Un minibus conduirait les invités à la gare et un autre les prendrait à Dijon pour les mener jusqu’au château, distant de quelques kilomètres.

Exprès, Chad arriva très en avance car il désirait revoir la photo. Il était maintenant sûr d’avoir reconnu le foulard de Sophie et ne put réprimer un mouvement d’humeur en constatant que le bureau avait été repeint et toutes les photos enlevées.

Clélia n’était pas là et les invités furent accueillis par un homme grand et bronzé qui se présenta comme son frère. Chad ne trouva entre eux aucune ressemblance, à l’exception de ces mêmes caractéristiques multi-raciales qui l’empêchaient de situer le frère et la sœur dans une branche bien définie de la famille humaine.

Cette fois, Brinner décida de passer à l’investigation directe, et demanda aussitôt au codirecteur si son agence avait déjà compté une Sophie Desmarques au nombre de ses clients.

Rani ouvrit un tiroir du bureau et en sortit un paquet de fiches. Après les avoir consultées sans empêcher Chad de vérifier avec lui, il eut un sourire navré :

— Non. Désolé, je n’ai personne de ce nom. En février, dites-vous ?

Il sembla faire un effort de mémoire :

— Non. Vraiment, je me souviendrais. Comme vous allez le voir, nos groupes ne comptent jamais plus d’une dizaine de personnes… pour créer une véritable intimité, vous comprenez ? Nous ne sommes pas une agence comme les autres. Cette jeune fille était de vos amies ?

À cet instant, il y eut un bruit sourd et un cri dans l’escalier. Rani Vanaki détourna la tête et, l’espace d’une seconde, Chad eut la certitude fulgurante que l’homme mentait, qu’il connaissait parfaitement les questions et leurs réponses, avant même qu’elles soient formulées. Cela ne dura qu’un instant et Rani se leva, s’excusant pour aller voir.

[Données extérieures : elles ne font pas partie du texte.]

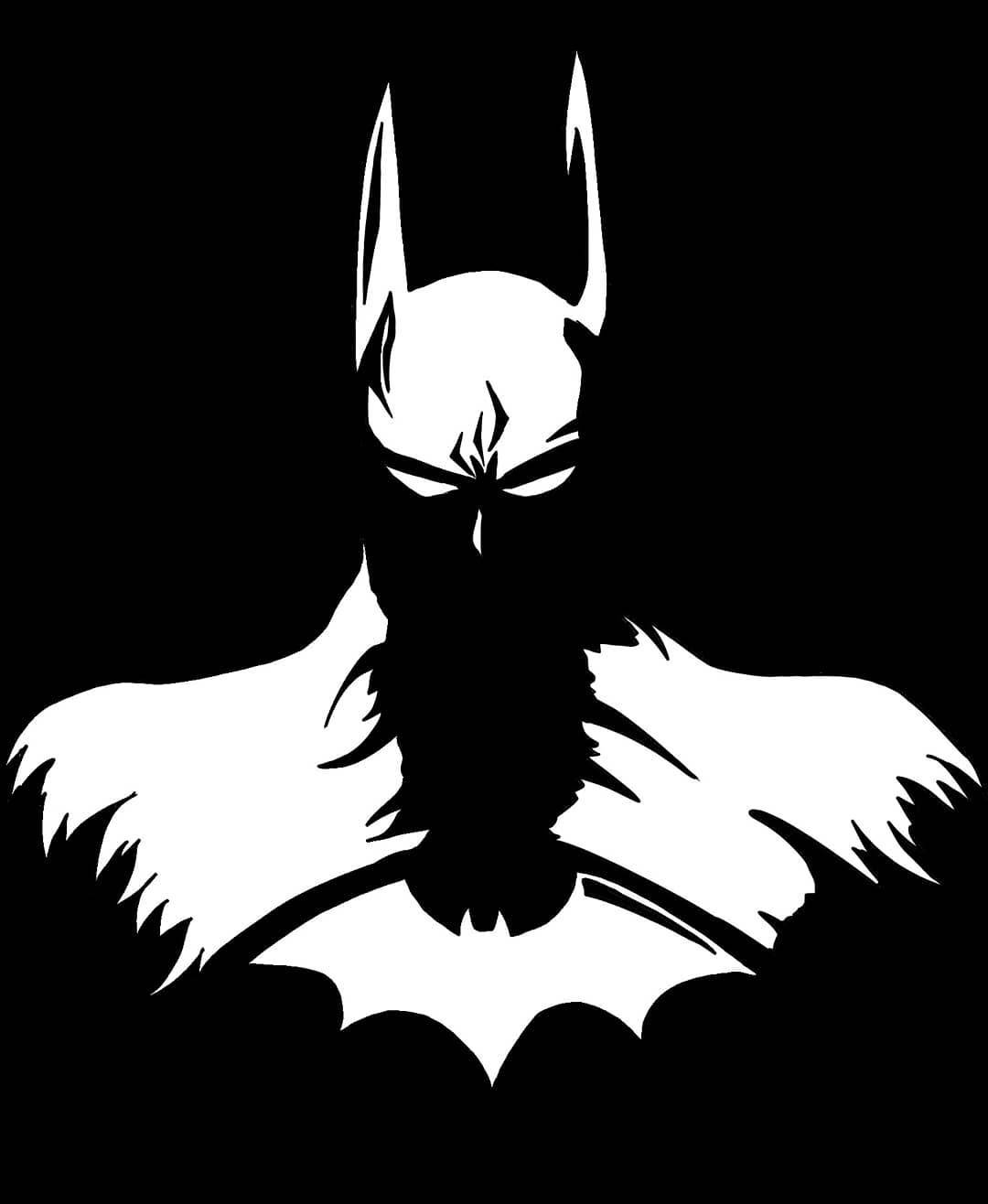 Batman (a vector drawing) by Rvuap on DeviantArt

Un gros homme jovial entra en boitillant :

— Ça commence bien !… C’est ça, la première surprise : ne pas éclairer l’escalier ? Vous me voyez, en société auprès des jolies dames, avec un pied dans le plâtre ?

Il éclata d’un rire tonitruant tandis que Chad et Vanaki le guidaient vers un fauteuil. En fait, il s’était simplement tordu le pied en montant la dernière marche mais il appartenait à cette catégorie d’individus qui ne manquent jamais une occasion d’attirer l’attention sur eux.

Les uns après les autres, les invités arrivaient. Rani faisait les présentations, relançait adroitement la conversation dès qu’elle devenait languissante, en homme parfaitement rompu à son emploi. Lorsque tout le monde fut là, en tout quatre hommes et sept femmes, le petit groupe embarqua dans le minibus de l’agence qui attendait.

Ainsi commençait, pour Chad Brinner, le plus long voyage qu’il eût jamais accompli.